Your assignment: Instruction for the listing below: copy exactly, and only, the lines from the one holding "Summer salad with spinach base" through its last line, omitting any picture.
Given records: Begin
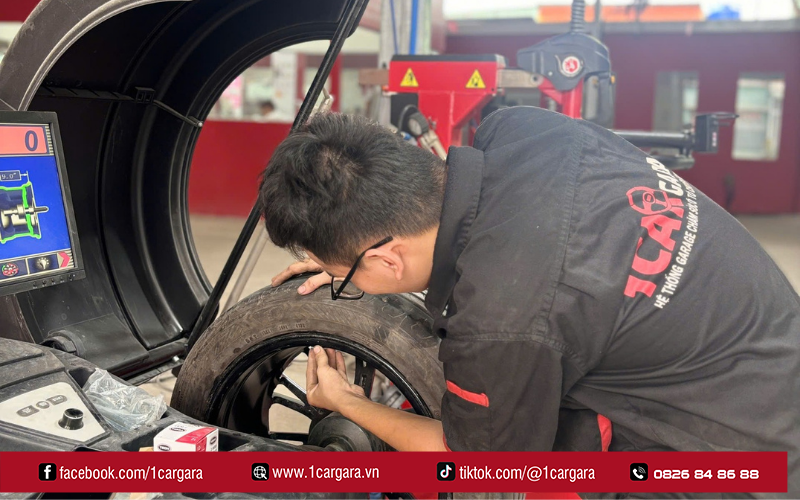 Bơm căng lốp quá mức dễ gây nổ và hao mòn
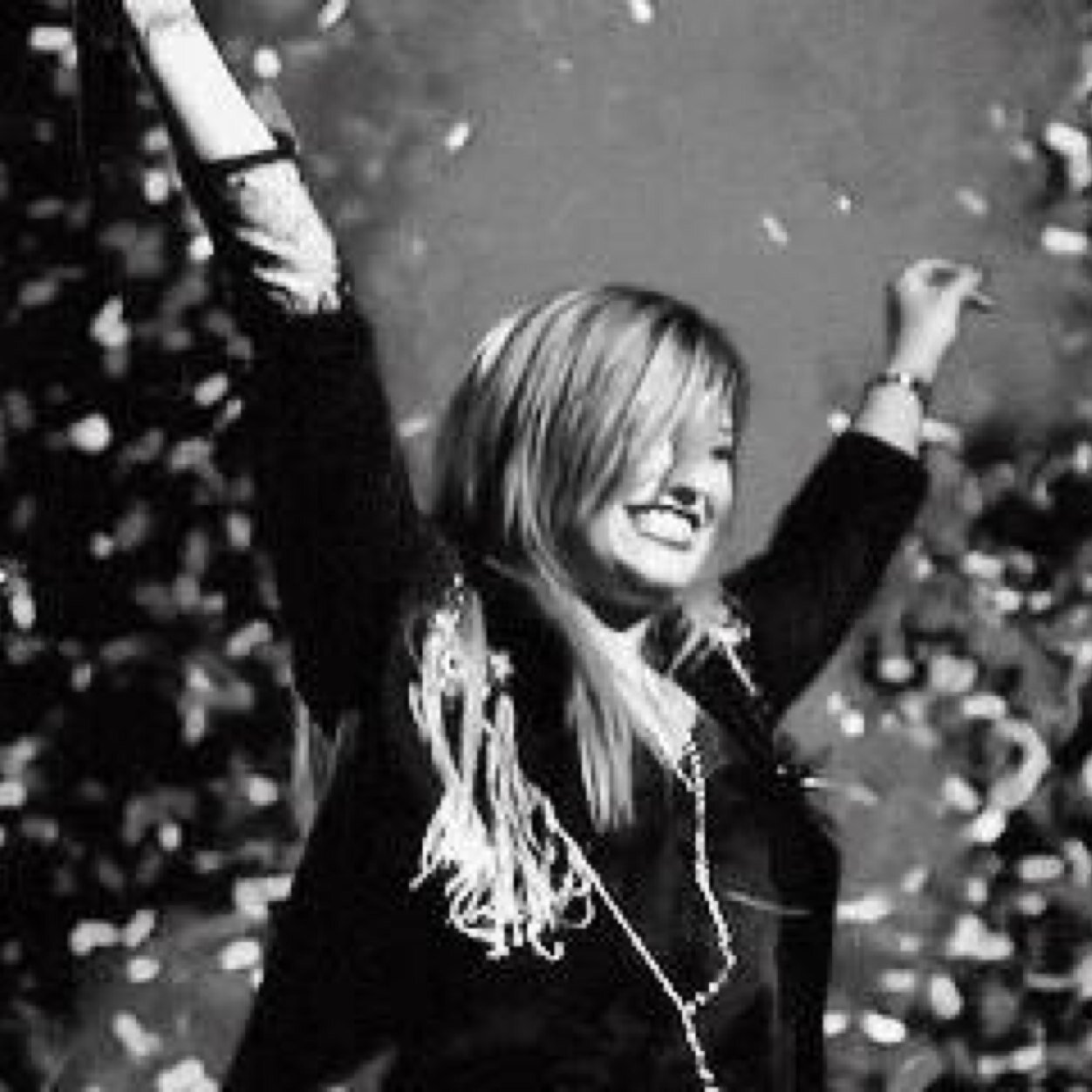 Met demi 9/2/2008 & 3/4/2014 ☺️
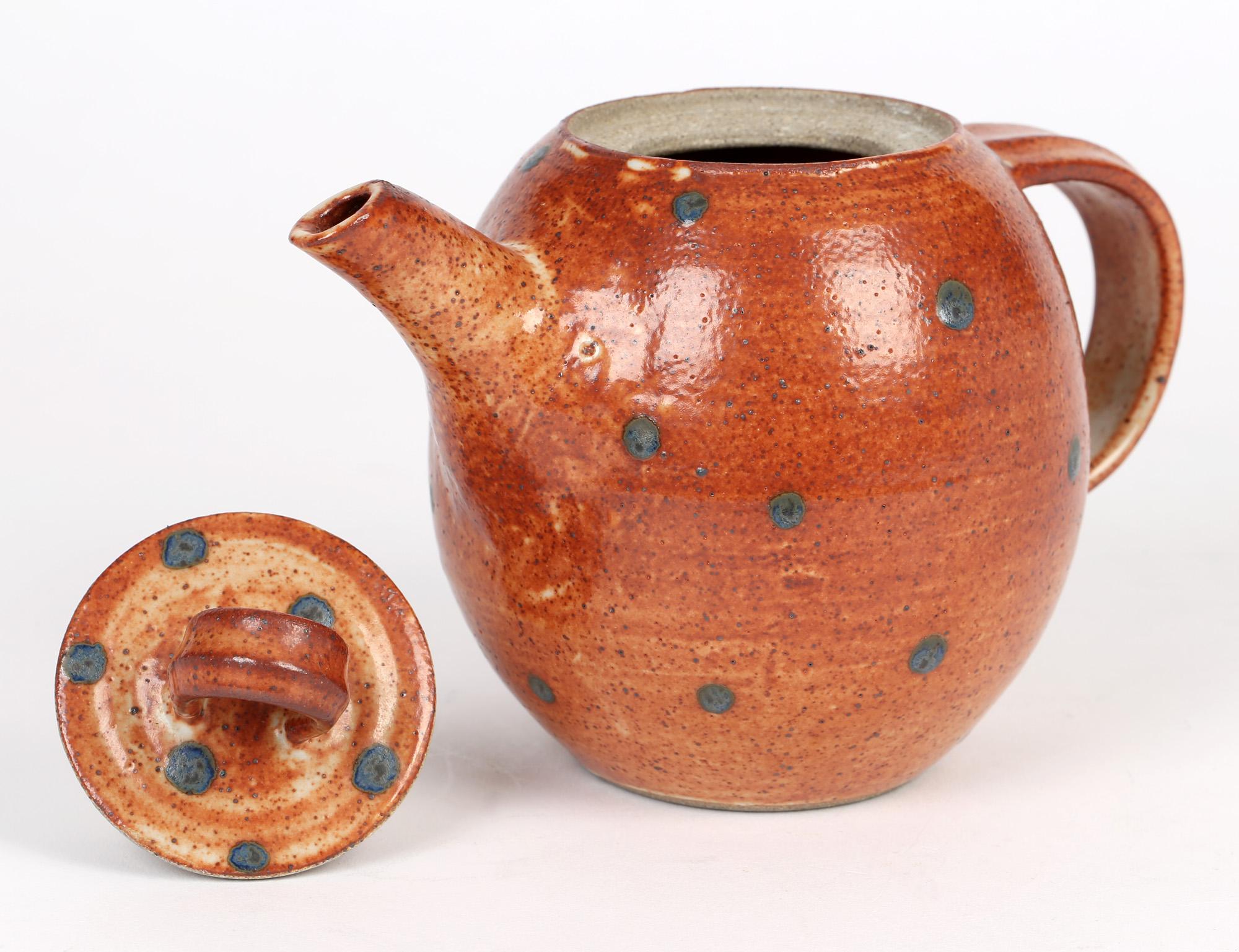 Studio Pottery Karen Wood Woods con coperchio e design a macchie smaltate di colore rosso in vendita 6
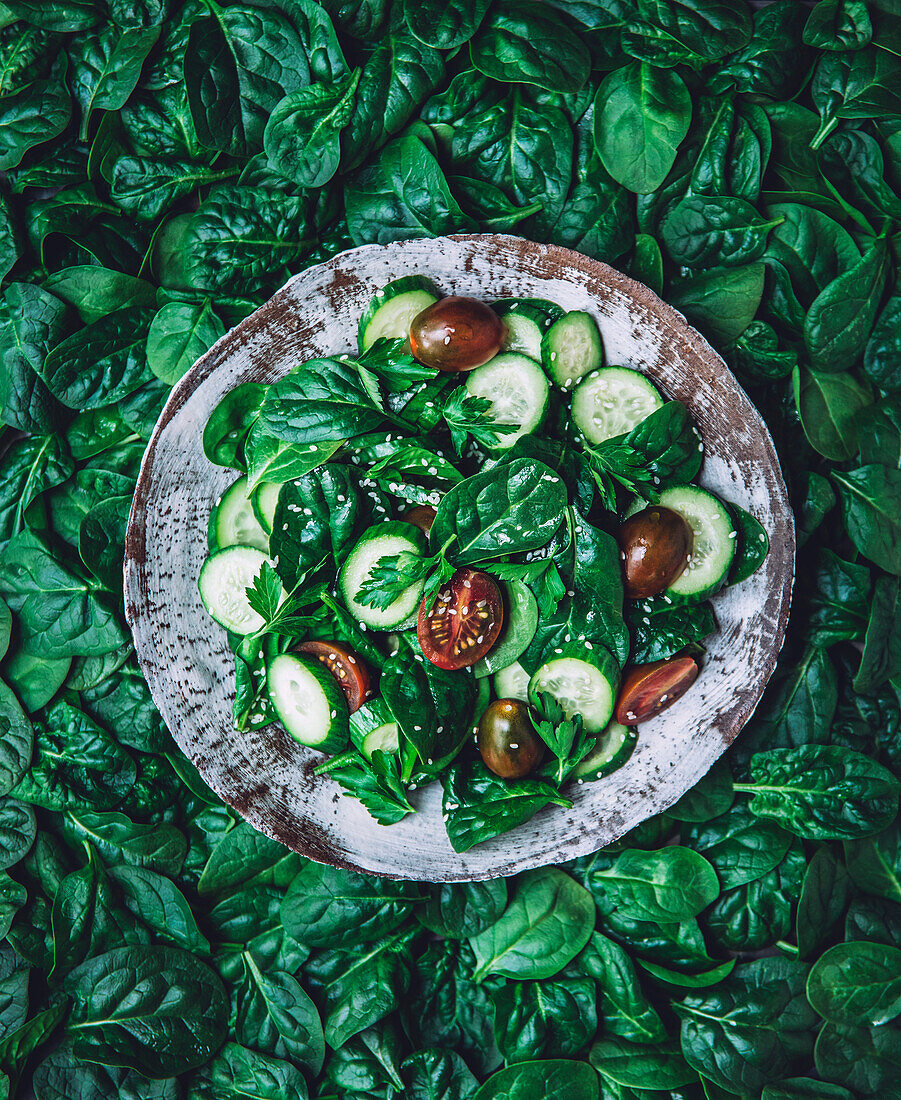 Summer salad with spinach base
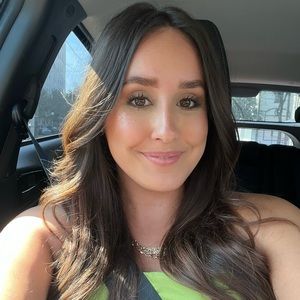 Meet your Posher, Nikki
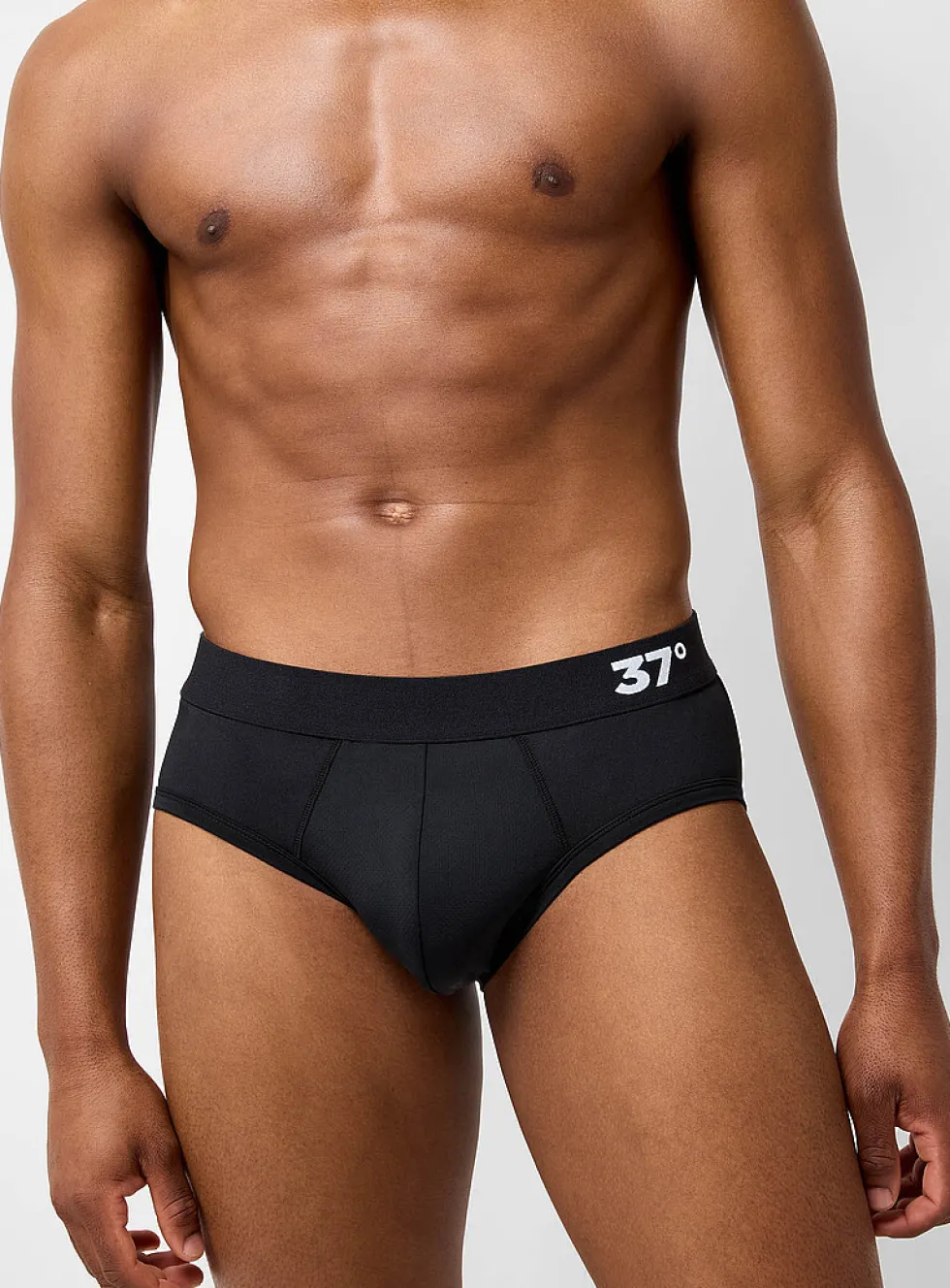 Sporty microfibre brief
Given records: End
Output below:
 Summer salad with spinach base
 Meet your Posher, Nikki
 Sporty microfibre brief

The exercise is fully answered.